WHAT YOU SHOULD DO: Apart from the images, repeat the data below exactly as written.

(Captioned web images)
-- Opening Marker --

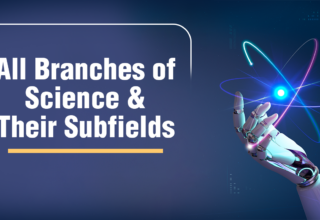 Main Branches of Science and Their Subfields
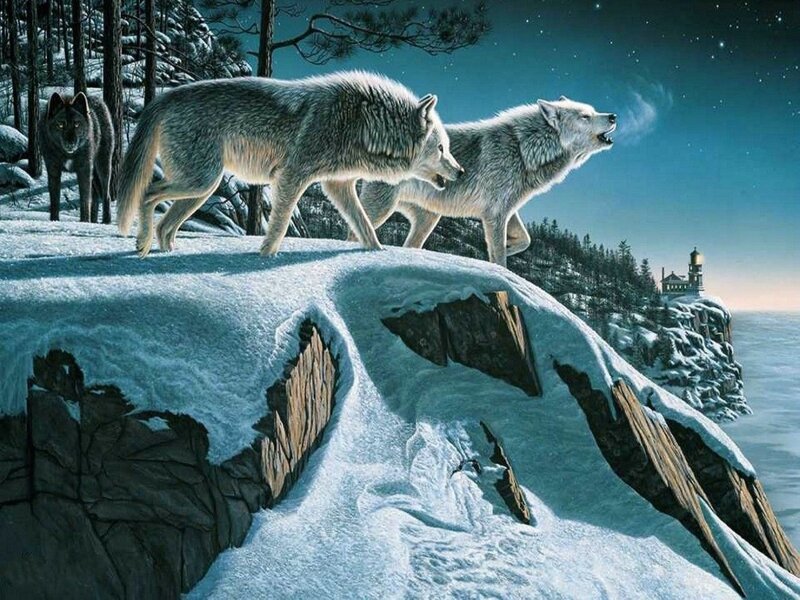 Wolves on Snowy Cliff — White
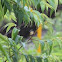 Ashy Prinia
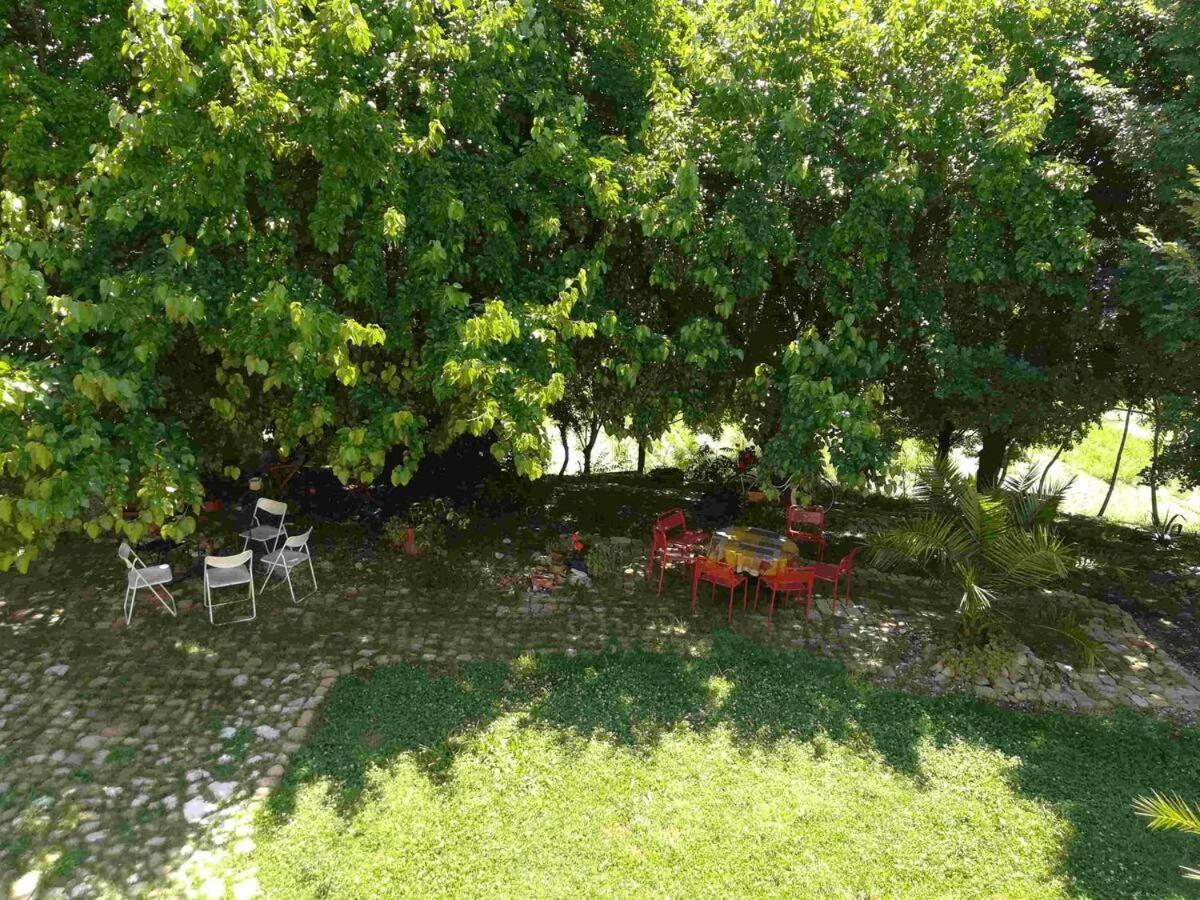 Agriturismo Campo Aperto Belvedere Ostrense Dış mekan fotoğraf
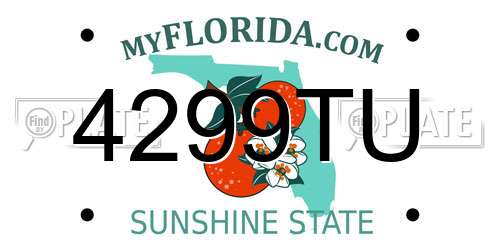 4299TU Florida License Plate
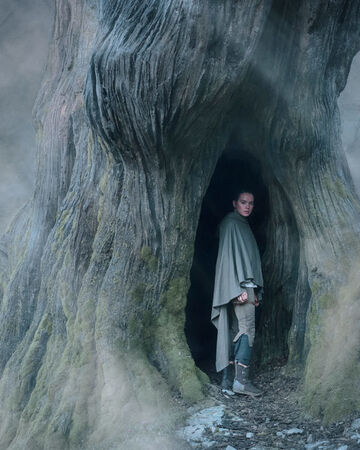TLJ_Rey_inside_Uneti_Tree.jpg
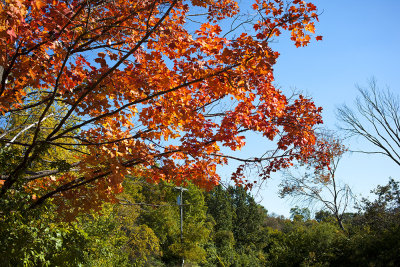 Michigan Fall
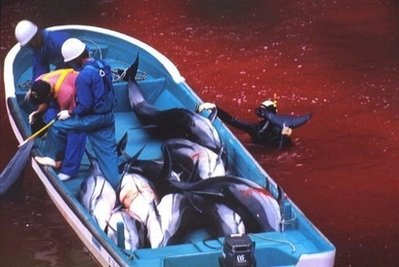 围捕鲸豚纪录片残忍血腥 惹火日本当地渔民(图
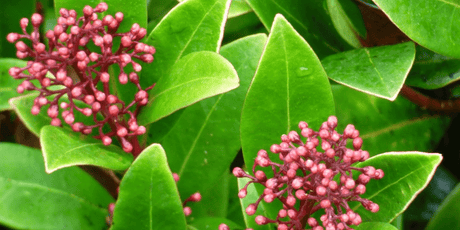 The November Garden 2022 - Old Railway Line Garden Centre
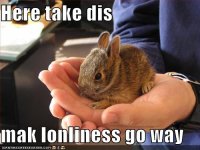 funny-pictures-bunny-takes-loneliness.jpg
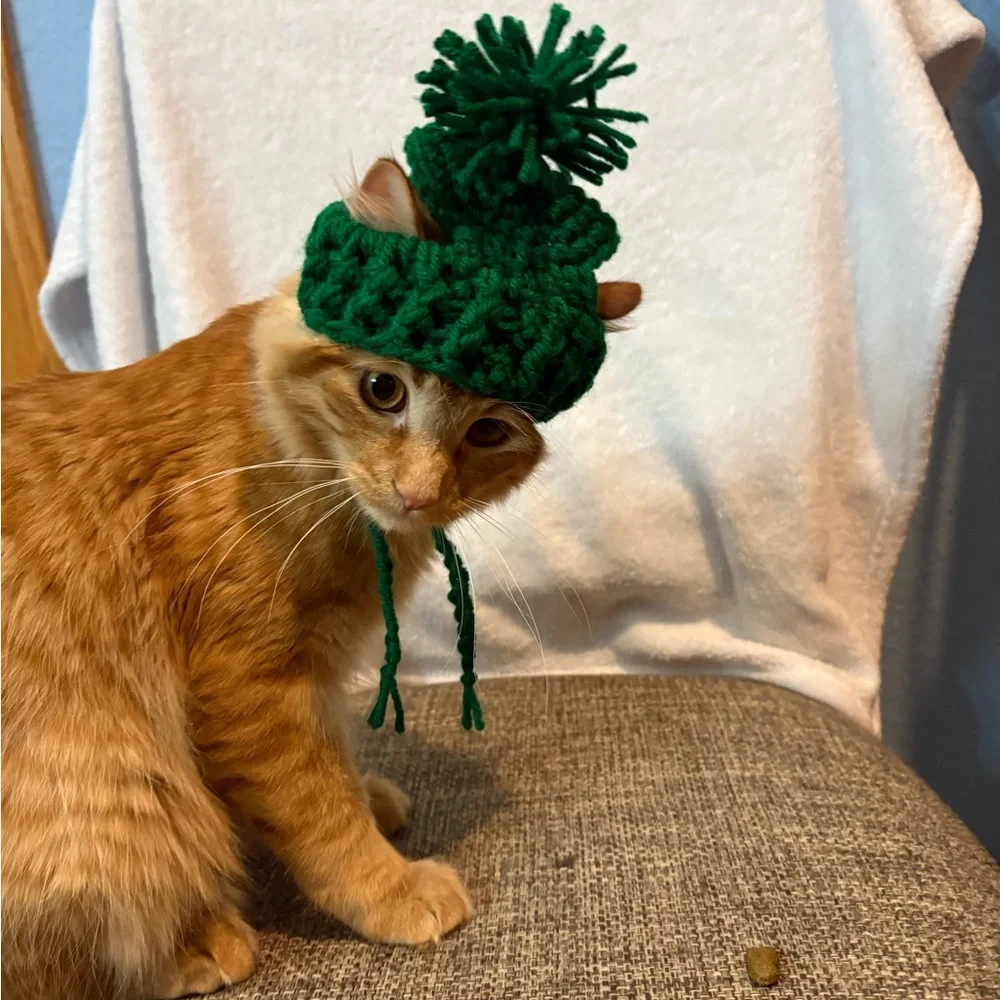 Green Cat Hat stocking hat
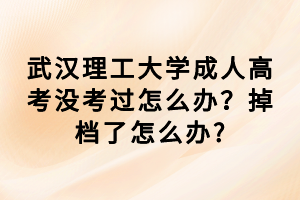 武漢理工大學(xué)成人高考沒考過怎么辦？掉檔了怎么辦?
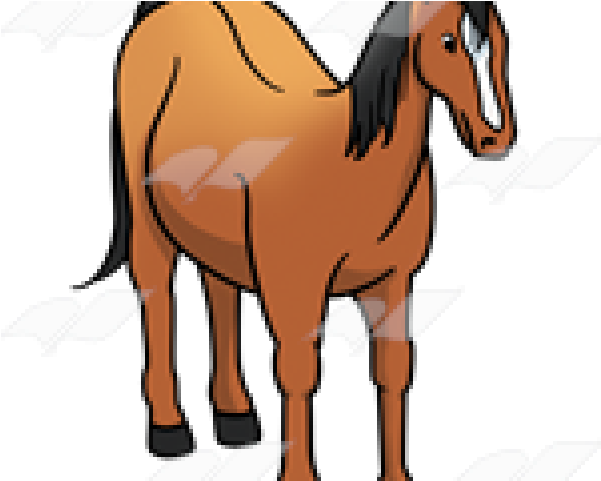 Horse Clipart Nose - Cartoon - Png Download (640x480), Png Download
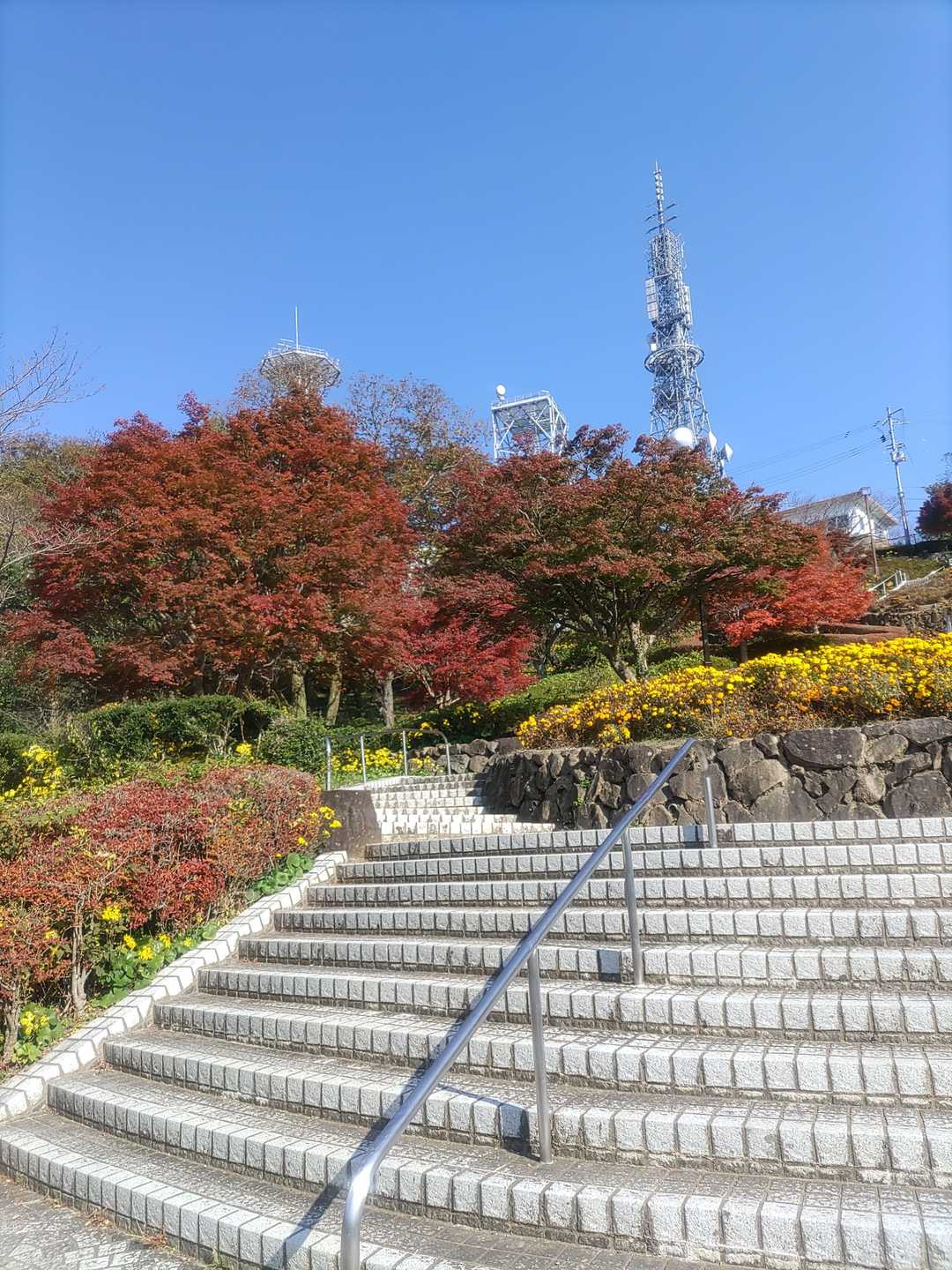 公園のカエデが紅葉しています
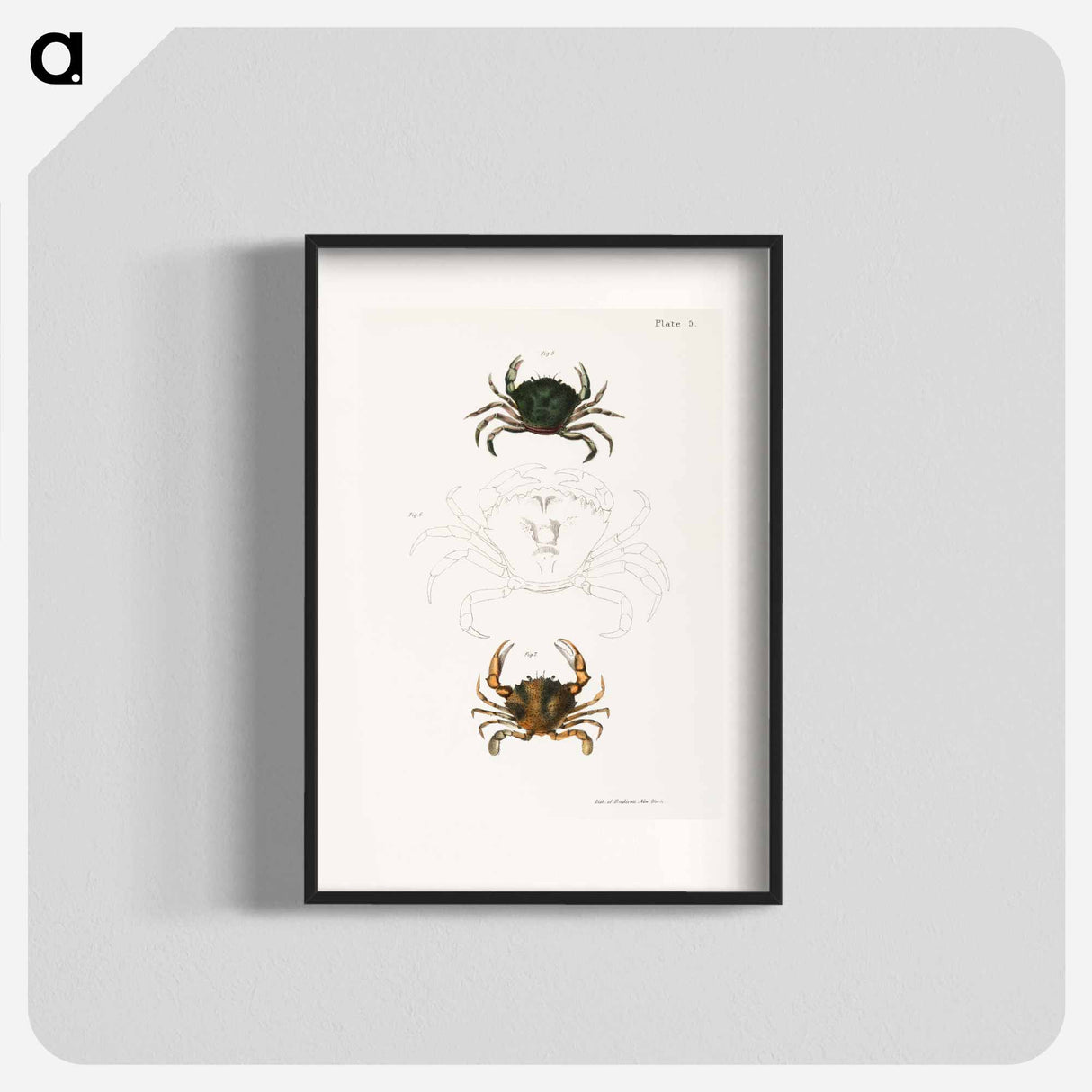 Littoral crab (Carcinus moenas) 7. Lady crab (Platyonichus ocellatus) illustration from Zoology of New York by - ニューヨークの動物学 Poster.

-- Closing Marker --

SOLUTION FOR THIS PROBLEM:
 Main Branches of Science and Their Subfields
 Wolves on Snowy Cliff — White
 Ashy Prinia
 Agriturismo Campo Aperto Belvedere Ostrense Dış mekan fotoğraf
 4299TU Florida License Plate
TLJ_Rey_inside_Uneti_Tree.jpg
 Michigan Fall
 围捕鲸豚纪录片残忍血腥 惹火日本当地渔民(图
 The November Garden 2022 - Old Railway Line Garden Centre
 funny-pictures-bunny-takes-loneliness.jpg
 Green Cat Hat stocking hat
 武漢理工大學(xué)成人高考沒考過怎么辦？掉檔了怎么辦?
 Horse Clipart Nose - Cartoon - Png Download (640x480), Png Download
 公園のカエデが紅葉しています
 Littoral crab (Carcinus moenas) 7. Lady crab (Platyonichus ocellatus) illustration from Zoology of New York by - ニューヨークの動物学 Poster.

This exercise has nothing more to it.